**Available data:**
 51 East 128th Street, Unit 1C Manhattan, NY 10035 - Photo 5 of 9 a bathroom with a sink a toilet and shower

---

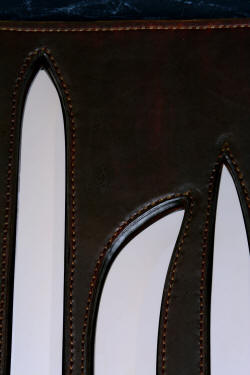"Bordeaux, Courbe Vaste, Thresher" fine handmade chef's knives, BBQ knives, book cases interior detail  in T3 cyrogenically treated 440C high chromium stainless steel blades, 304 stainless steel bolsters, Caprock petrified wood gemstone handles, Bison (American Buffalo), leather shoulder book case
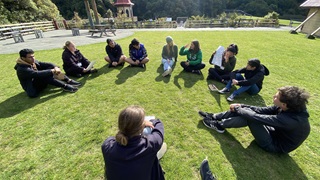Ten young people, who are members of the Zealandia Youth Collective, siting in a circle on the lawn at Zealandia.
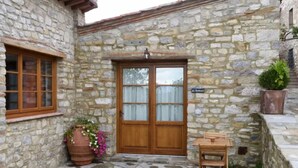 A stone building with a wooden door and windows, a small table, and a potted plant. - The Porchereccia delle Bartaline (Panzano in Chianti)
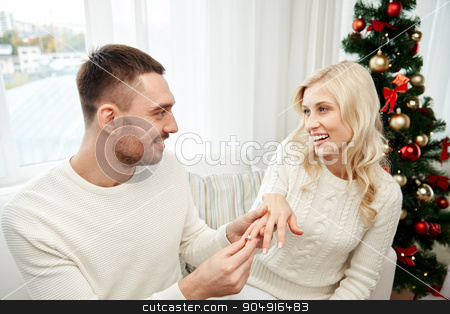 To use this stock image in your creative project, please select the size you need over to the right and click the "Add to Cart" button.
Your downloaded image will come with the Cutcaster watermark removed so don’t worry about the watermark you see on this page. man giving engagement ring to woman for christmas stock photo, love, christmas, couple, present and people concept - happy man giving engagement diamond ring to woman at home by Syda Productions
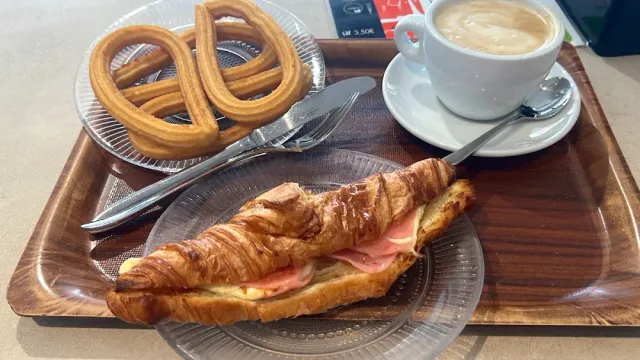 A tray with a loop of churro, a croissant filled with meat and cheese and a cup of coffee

**Your goal:** Reproduce the data above exactly, but only from the line containing "A stone building" through the line containing "A tray with"; skip the pictures.

**Written solution:**
 A stone building with a wooden door and windows, a small table, and a potted plant. - The Porchereccia delle Bartaline (Panzano in Chianti)
 To use this stock image in your creative project, please select the size you need over to the right and click the "Add to Cart" button.
Your downloaded image will come with the Cutcaster watermark removed so don’t worry about the watermark you see on this page. man giving engagement ring to woman for christmas stock photo, love, christmas, couple, present and people concept - happy man giving engagement diamond ring to woman at home by Syda Productions
 A tray with a loop of churro, a croissant filled with meat and cheese and a cup of coffee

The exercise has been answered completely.